My lasting memory of Princess Diana is that she showed us all a new way to be royal.
It now seems her elder son Prince William is taking that lesson a little further.
The way William Wales is planning his married life is distinctly different from the cosseted existence his relatives lead.
We’re told he and his wife would prefer donations to charity rather than wedding gifts. They will live in a modest farmhouse with no help to do the housework and continue to stock up with groceries at their local Tesco supermarket in Holyhead.
While Kate cooks and cleans, he will continue his day job as a helicopter pilot for RAF Valley’s Search and Rescue unit.
It all sounds reassuringly normal, proof that despite his position as second-in-line to the throne William is really grounded with a large helping of his mother’s common touch.
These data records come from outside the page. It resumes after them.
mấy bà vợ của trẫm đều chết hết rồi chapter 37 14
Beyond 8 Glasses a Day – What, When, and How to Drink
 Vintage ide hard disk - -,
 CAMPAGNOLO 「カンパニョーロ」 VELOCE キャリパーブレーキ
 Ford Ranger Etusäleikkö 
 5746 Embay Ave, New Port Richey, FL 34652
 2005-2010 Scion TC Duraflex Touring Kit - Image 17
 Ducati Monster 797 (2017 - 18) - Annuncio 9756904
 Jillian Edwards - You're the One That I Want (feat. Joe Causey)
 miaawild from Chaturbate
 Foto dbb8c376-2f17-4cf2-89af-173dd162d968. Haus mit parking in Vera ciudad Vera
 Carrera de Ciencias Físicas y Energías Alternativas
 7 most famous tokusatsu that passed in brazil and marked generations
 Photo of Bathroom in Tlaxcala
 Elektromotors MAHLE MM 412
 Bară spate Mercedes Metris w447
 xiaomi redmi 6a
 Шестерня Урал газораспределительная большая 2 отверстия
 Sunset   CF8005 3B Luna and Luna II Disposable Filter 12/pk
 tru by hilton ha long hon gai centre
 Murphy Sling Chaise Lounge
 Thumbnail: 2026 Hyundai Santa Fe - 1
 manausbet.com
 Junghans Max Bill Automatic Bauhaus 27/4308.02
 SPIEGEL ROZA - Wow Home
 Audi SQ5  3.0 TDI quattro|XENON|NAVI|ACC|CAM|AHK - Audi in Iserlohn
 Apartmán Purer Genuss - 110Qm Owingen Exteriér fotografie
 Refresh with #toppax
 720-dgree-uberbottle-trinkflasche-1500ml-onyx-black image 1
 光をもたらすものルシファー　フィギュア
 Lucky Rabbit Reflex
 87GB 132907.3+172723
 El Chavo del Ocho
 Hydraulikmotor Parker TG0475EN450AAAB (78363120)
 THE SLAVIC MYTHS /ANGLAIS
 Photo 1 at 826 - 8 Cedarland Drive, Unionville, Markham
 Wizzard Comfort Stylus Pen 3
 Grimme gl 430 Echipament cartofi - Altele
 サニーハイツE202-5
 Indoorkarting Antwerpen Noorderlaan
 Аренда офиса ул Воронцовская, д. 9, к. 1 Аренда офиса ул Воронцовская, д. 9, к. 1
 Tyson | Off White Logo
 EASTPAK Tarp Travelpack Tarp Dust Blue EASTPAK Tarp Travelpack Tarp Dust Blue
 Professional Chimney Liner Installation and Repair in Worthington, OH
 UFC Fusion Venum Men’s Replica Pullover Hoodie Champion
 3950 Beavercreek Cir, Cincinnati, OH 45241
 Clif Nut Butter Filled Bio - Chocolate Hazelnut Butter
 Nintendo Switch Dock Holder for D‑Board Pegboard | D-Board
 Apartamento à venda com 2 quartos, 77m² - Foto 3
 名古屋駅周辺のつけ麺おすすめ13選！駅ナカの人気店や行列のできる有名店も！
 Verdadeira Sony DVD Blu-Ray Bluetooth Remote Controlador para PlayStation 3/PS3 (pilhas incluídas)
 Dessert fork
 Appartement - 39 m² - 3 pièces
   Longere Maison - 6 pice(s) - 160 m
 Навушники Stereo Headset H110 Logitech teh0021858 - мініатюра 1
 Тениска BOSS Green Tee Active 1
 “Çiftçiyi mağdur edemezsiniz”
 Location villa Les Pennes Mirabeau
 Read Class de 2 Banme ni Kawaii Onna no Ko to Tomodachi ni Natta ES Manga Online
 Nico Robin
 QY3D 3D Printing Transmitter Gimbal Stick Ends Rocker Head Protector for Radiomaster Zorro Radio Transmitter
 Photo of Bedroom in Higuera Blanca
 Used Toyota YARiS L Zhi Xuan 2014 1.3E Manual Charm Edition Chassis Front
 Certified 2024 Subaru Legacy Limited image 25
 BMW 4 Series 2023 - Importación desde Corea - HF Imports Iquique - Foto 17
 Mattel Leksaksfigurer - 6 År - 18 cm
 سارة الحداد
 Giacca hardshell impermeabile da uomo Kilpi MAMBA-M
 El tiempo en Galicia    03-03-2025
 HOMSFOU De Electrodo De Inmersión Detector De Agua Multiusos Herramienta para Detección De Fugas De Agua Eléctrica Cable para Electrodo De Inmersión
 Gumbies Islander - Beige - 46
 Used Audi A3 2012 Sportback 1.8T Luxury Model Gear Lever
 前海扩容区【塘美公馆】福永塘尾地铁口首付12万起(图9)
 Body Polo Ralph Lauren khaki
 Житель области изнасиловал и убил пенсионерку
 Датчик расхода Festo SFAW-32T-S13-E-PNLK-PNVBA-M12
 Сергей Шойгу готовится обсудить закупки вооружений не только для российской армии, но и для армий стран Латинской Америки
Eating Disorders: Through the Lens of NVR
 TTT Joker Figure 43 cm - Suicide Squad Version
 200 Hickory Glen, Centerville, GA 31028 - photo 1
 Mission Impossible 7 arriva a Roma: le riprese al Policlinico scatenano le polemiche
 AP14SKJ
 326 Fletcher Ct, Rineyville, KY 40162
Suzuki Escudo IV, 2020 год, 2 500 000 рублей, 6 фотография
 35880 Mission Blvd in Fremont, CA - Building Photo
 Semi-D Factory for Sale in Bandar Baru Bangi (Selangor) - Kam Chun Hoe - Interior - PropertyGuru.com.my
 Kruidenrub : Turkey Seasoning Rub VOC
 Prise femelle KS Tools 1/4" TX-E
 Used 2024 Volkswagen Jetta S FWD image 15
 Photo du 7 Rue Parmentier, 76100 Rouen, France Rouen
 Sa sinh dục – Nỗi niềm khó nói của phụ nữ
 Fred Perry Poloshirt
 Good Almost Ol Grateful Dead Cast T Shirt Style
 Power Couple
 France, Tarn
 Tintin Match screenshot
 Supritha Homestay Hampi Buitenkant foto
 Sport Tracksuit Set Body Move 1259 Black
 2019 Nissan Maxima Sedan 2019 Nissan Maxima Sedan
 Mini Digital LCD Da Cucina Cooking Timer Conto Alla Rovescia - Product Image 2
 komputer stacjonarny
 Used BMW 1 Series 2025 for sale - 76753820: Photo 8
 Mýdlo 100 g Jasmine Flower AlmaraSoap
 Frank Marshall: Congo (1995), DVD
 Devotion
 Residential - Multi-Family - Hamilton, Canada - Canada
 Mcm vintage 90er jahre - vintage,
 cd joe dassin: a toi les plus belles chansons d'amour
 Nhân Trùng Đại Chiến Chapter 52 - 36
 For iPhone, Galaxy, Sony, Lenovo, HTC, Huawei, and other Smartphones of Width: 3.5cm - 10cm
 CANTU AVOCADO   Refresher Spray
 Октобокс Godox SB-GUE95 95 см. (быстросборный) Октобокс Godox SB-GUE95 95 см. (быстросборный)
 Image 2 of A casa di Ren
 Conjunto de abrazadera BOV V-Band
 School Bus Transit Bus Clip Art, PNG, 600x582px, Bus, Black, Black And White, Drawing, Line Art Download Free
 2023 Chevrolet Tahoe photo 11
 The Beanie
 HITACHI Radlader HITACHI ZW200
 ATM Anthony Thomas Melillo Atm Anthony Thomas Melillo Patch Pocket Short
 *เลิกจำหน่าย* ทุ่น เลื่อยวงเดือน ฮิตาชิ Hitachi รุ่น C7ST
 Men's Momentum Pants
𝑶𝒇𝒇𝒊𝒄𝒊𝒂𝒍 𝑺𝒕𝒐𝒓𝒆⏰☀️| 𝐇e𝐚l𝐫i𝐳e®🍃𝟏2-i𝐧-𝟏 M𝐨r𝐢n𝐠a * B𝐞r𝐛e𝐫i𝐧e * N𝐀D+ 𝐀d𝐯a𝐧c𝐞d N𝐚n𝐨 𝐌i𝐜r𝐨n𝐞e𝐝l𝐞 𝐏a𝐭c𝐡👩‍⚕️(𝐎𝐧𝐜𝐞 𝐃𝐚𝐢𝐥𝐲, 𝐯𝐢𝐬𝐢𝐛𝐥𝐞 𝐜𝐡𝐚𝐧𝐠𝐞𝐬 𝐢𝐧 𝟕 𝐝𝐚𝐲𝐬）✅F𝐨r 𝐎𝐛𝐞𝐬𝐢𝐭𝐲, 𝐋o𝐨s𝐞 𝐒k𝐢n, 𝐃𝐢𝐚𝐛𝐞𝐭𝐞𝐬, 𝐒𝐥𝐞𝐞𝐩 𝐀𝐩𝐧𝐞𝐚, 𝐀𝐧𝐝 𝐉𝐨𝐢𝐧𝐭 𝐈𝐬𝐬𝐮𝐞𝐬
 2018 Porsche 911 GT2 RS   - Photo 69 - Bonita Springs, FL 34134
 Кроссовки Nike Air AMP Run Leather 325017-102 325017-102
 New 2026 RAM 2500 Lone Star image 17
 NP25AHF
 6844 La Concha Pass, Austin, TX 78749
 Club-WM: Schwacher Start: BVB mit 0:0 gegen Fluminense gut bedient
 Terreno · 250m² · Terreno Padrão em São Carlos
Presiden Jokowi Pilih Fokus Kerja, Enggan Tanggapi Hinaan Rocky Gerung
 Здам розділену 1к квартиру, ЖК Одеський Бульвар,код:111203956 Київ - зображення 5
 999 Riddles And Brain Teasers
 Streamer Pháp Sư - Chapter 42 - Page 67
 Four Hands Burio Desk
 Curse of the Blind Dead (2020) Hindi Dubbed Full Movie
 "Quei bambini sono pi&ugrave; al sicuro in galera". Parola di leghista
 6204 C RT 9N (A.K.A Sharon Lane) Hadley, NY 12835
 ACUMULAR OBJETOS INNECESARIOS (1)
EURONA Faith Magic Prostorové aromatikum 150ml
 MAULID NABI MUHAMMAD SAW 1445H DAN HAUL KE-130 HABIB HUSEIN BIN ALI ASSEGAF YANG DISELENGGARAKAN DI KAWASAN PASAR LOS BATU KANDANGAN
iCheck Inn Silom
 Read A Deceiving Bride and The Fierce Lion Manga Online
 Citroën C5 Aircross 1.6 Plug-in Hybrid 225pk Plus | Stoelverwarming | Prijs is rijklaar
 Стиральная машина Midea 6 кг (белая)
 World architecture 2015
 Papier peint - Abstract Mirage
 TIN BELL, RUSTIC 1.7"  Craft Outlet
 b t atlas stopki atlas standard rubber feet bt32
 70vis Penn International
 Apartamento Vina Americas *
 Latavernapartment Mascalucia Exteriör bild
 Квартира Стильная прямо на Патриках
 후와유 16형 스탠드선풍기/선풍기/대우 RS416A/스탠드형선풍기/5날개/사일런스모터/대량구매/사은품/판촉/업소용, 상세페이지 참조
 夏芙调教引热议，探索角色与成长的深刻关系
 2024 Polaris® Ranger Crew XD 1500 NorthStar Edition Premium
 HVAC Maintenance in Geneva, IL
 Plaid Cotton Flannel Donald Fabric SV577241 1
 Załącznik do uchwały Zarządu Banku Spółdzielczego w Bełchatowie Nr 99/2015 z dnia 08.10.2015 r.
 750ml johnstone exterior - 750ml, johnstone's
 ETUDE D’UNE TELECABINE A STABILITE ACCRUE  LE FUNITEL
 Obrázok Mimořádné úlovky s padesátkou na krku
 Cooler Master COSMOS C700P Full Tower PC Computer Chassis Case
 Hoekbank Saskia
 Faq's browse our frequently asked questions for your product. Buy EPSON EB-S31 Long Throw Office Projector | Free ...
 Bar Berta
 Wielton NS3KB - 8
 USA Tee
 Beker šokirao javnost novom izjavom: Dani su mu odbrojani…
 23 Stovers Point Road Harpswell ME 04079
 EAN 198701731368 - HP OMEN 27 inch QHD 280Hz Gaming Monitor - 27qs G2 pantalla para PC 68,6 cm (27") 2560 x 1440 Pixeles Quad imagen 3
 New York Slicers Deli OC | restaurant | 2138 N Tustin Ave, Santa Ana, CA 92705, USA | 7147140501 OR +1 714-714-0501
I remember how surprised we reporters were last January when William turned up in New Zealand and wore the same open-necked blue shirt and brown cords every day. He was still wearing them two days later in Sydney (unless he packed a few identical outfits). He didn’t seem bothered about smart clothes, which annoyed the photographers a bit because he looked the same in every picture.
On other casual jobs I have seen him wearing rather boring jumpers and jeans. Or to put it more kindly, William is not flash. He may have a few millions in the bank inherited from his mother but you would never guess it when you see him off duty.
Most Princes are far more regal. Take the Prince of Wales, for instance. He is always immaculately turned out in expensive suits, shirts and jackets from Jermyn Street and Savile Row. He lives like a Renaissance prince with, some say, more personal staff than the Queen.
Of course, William does look like a proper prince on the rare occasions when he wears his Household Cavalry dress uniform or his RAF blues, especially with his Garter sash and star.
But it’s doubtful that he and Kate will be able to retain their low-key lifestyle once they take up royal duties full time. They will need a butler to answer the phone and the doorbell, a chef when they entertain, as well as housemaids to do the chores because they will be out all day on official engagements.
But I suspect William’s preference for a very ordinary life hints that he may wish to bring about a quiet revolution at court when he is king.
I don’t mean he and his wife will travel around by tube but he may send his children to state schools and sharply reduce the cost of the monarchy wherever he can.
One report published last weekend suggested he would like to move back into Apartments 8 and 9 at Kensington Palace, where he lived until 1997 with his mother. Her bright and airy old home surrounded by parkland would be a better place to bring up a family than the dark warren of rooms known as St.James’s Palace.
Diana’s greatest achievement was to bring the monarchy much closer to the people. Could it be that her son is taking up the work she left unfinished?